Abstract
Infection with group A Streptococcus (GAS) can cause severe systemic and locally invasive disease. Invasive group A streptococcal (iGAS) disease incidence varies both seasonally and year-to-year, and it may exhibit clustered outbreaks. We observed an upswing in iGAS cases at a tertiary care Children's Hospital, prompting further characterization of local iGAS disease. Methods: Cases of iGAS disease were abstracted from the medical record by manual chart review of all positive screening tests and cultures for GAS over a 4-year span. Incidence rates per 1000 hospital admissions and per 100 positive GAS tests were calculated and compared. Selected isolates were further characterized by whole-genome sequencing. Results: Significant year-to-year differences in per-admission iGAS incidence rate were observed in February and June, although per-positive test incidence rates were not significantly different.

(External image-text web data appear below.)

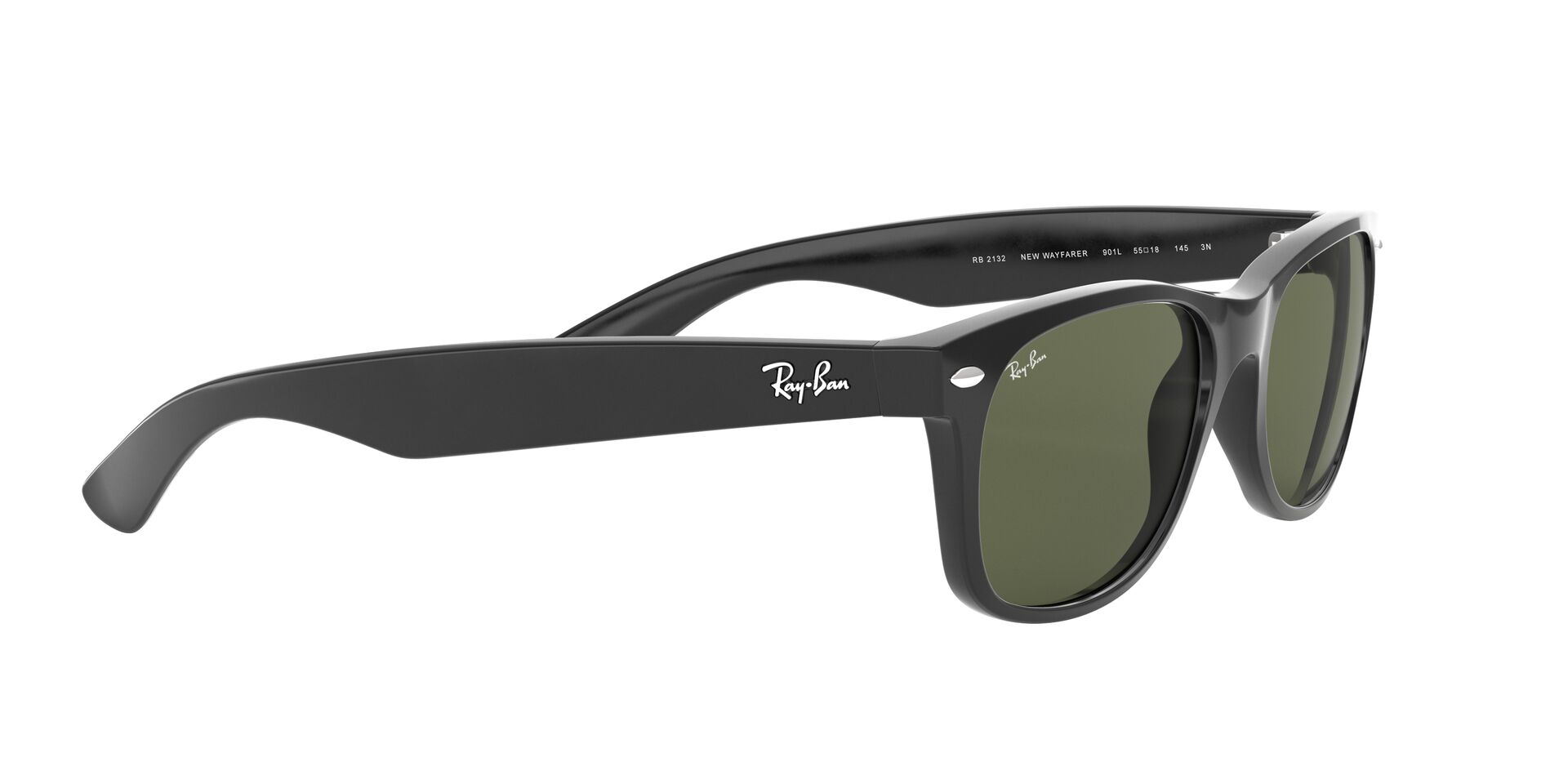Ray-Ban 2132 901L - obrazek 10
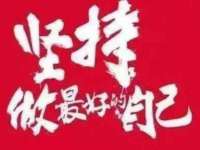 安徽杰盼电子商务有限公司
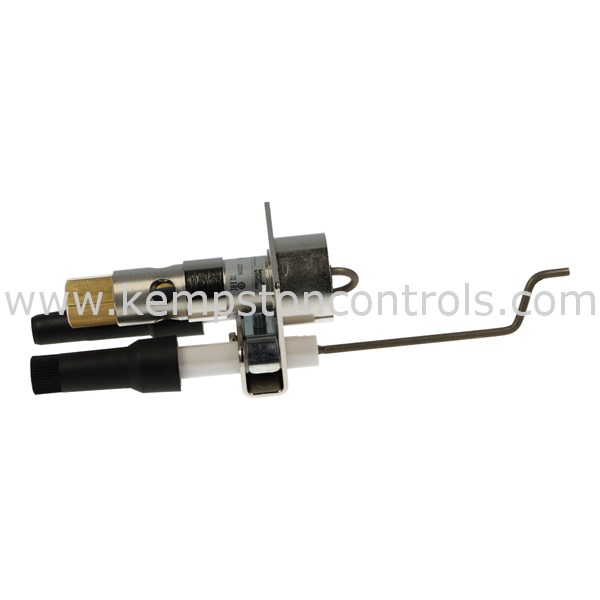 KROMSCHRODER 84228010 GAS PILOT, FOR SAFE IGNITION OF ATMOSPHERIC GAS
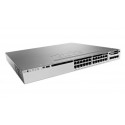 Cisco 3850-24S-S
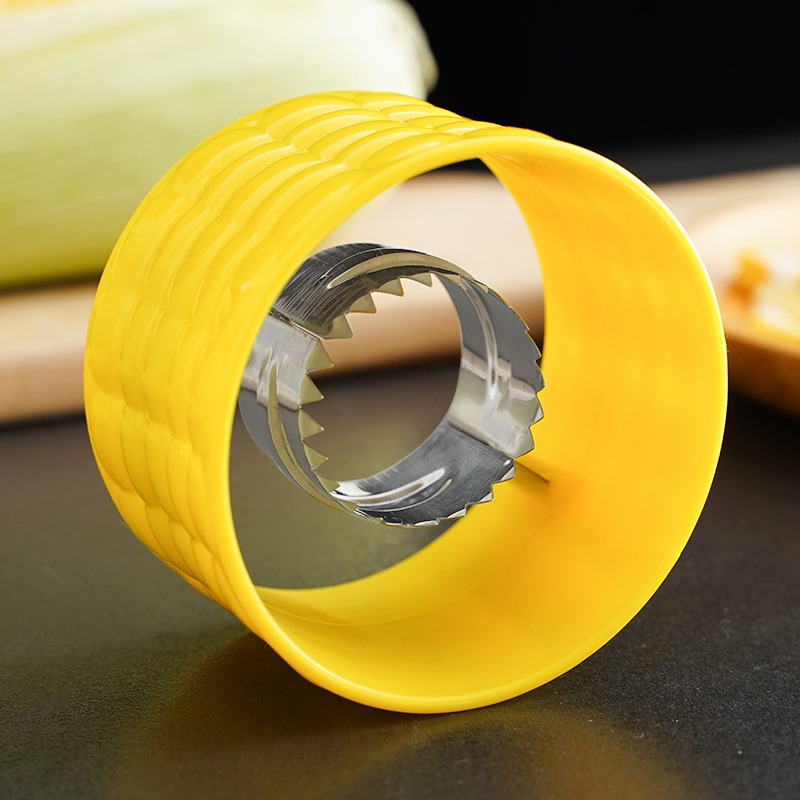 New Corn Thresher–Rotary Strip - Kitchen Gadgets You Must Have recension och pris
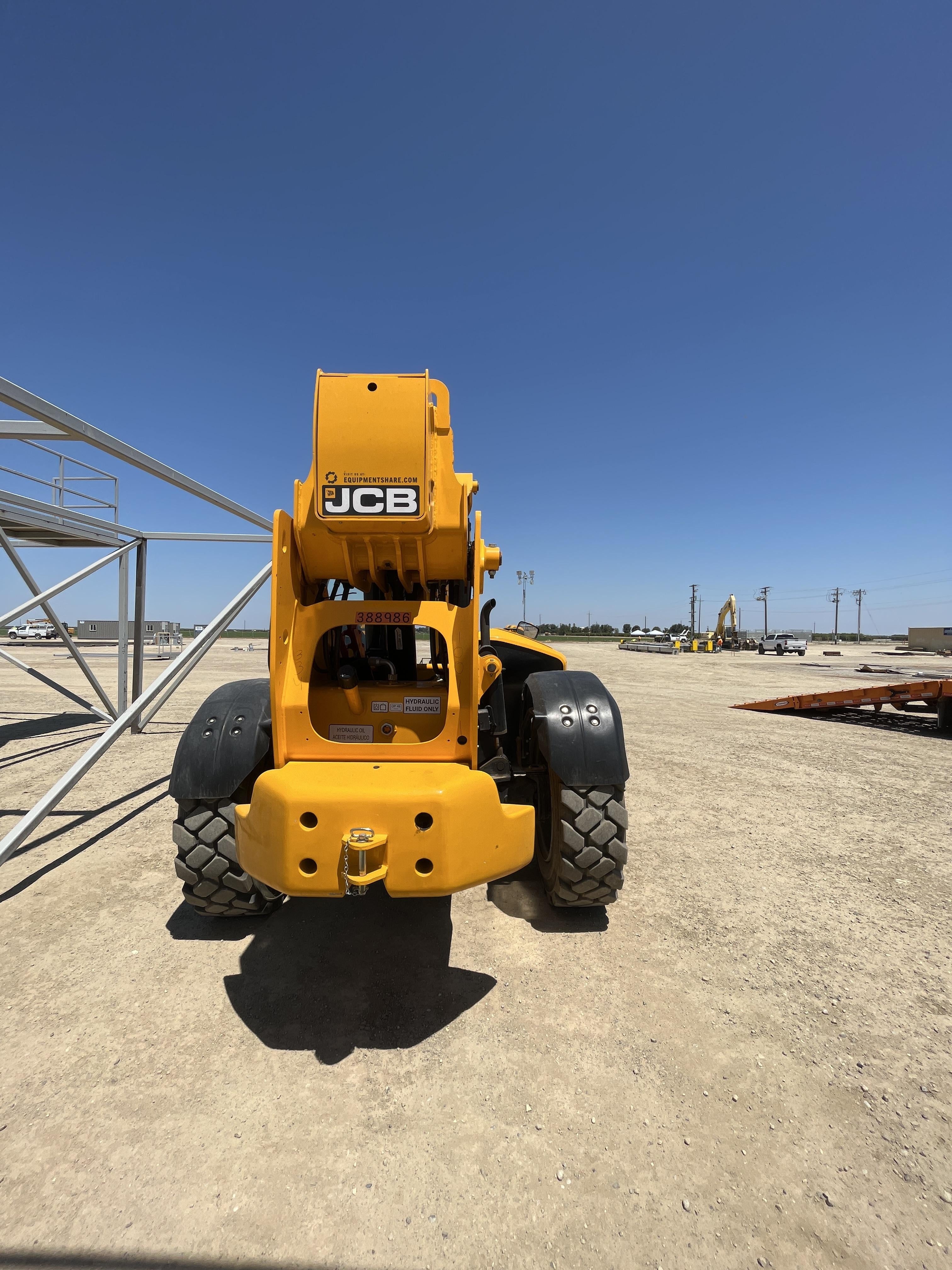 2024 JCB 512-56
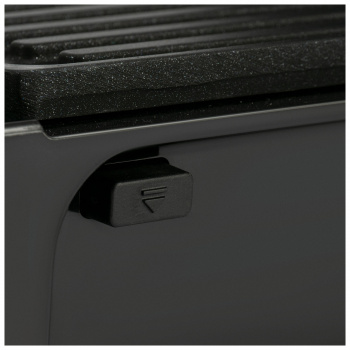 Электрогриль Hyundai HYG-5047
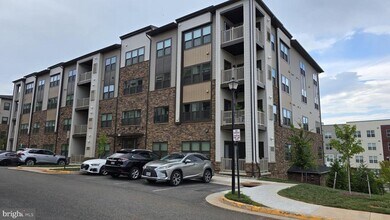 Building Photo - 46294 Mount Milstead Ter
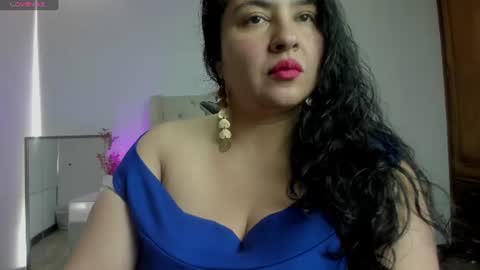 Snapshot of jadebellee chatting on June 29, 2026, 5:35 pm jadebellee online show from June 29, 2026, 5:35 pm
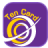 icon Ten Card 3.8.8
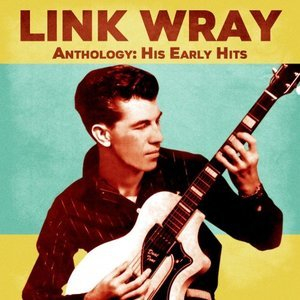 Anthology: His Early Hits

Whole-genome sequencing revealed 2 dominant serotypes - emm3 and emm6 - with high rates of mucoid phenotype and systemic bacteremia. Conclusions: We document a significant but transient increase in iGAS disease incidence in 2 months of 2017. Genome sequencing revealed 2 dominant serotypes associated with mucoid phenotypes and severe disease, highlighting the dynamic nature of iGAS disease pattern.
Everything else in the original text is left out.